Last night at the Oscars, comedian Chris Rock took a jab at Will Smith’s wife, Jada Pinkett Smith, and her baldness. Pinkett Smith has a condition that causes baldness. This caused an instantaneous reaction from Will Smith, who walked onto the Oscar stage and slapped Rock across the face on live TV.

Now, his method should have demonstrated more self-restraint (slapping someone is never appropriate). But it begs the question for the husband: what lengths would you go to, in a God-honoring way, to protect the honor of your wife?

The Bible Calls for Husbands to Honor

It reminds me of what Peter the Apostle said:

 “In the same way, you husbands must give honor to your wives. Treat your wife with understanding as you live together. She may be weaker than you are, but she is your equal partner in God’s gift of new life. Treat her as you should so your prayers will not be hindered.1 Peter 3:7

God’s word puts great value on the sacredness of a husband defending his wife. He shows her honor by making sure that he, and others in their sphere, are showing respect and dignity to his wife.

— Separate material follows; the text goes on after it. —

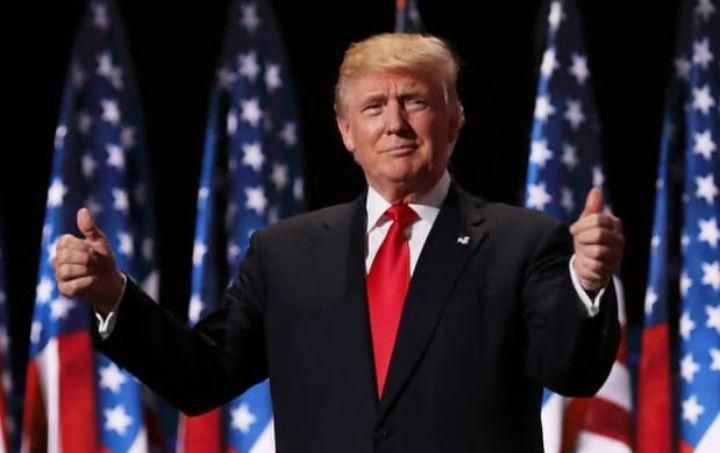 Trump Gugat Wall Street Journal karena Epstein, Tuntut Rp162,9 Triliun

He’s making sure he’s not making jokes at her expense. He’s not allowing other people’s harsh language towards her to go unchecked. He treats her with worth, value, and the utmost respect.

As a dad, I had to teach this concept to my boys when they were young. There were many times that my boys (at very young ages) would use a tone or words towards my wife that was not acceptable. It was in those moments that I would get down on one knee, look them in the eye and say firmly “No one talks to my wife like that.” They got it. And they learned early that you cannot talk to your mother (my wife) however you want.

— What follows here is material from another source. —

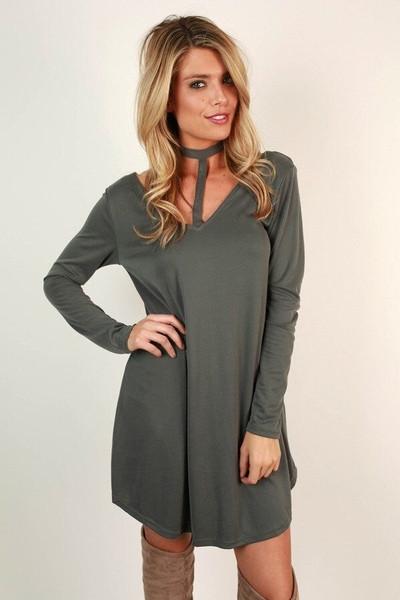 Κυρίες φόρεμα σε χαλαρό ύφος και σε διάφορα χρώματα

Husbands, can I give you a few suggestions based on 1 Peter 3:7 that can help us as we show greater honor to our wives?

“Live with your wives”

This speaks about physically living in the same house as my wife.

•Am I spending regular, focused time with her?
•Do I understand her schedule and life?
•Am I mindful of her exhaustion limits?
•Am I eagerly sharing my load of the chores?

“An Understanding Way”

This speaks about knowing my wife well, intellectually.

•Do I know the things that my wife likes/dislikes?
•Am I engaging her in meaningful conversation?
•Do I take an interest in what interests her?
•Do I ask her about what she’s thinking on lately?

“Showing Honor to the Woman”

This speaks about looking out for my wife’s emotional needs.

•What have I done lately to make my wife feel special?
•How am I encouraging her dreams and aspirations?
•Am I engaging in non-sexual love and affirmation?
•Am I making it possible for her to ‘unwind’?•

“So that your prayers may not be hindered.”

This speaks about encouraging my wife spiritually.

•Am I encouraging my wife in her time in the Word?
•Are we praying through issues together?
•Am I setting a good example through my walk with God?
•Are we serving together in an area of our church?

What’s Your Plan?

So the goal here men is not to make excuses; it’s to realize we all need forward progress in these areas. And we’re willing to make changes in our patterns to demonstrate greater honor towards our wives.

Here is a graphic that combined all the questions above. Maybe you could print it out and put it somewhere as a reminder?

Good Questions for an Honoring Husband

3 Comments on “Honoring Your Wife Is Important, But Done the Right Way”

  1. Excellent article. But I was hoping to see a little more talk on how the biblical husband would have handled the exact same situation last night. Personally I would imagine it would have involved waiting till the commerical break and Mr Smith pulling Mr rock aside and calmly but firmly discussing that this joke was not acceptable and that he had stepped over the line . The question for Christian men becomes. Is there a time when it IS needful and acceptable for them to physically retaliate or should that absolutely never be the case?

  2. Thank you for the excellent wisdom you shared. If every man could read this and comprehend the needs their wives have there would be a lot less heartache for many marriages. God’s word teaches us so much and I truly appreciate how you have used scripture . I was blessed -God is surely using you to share His love and wisdom to this world.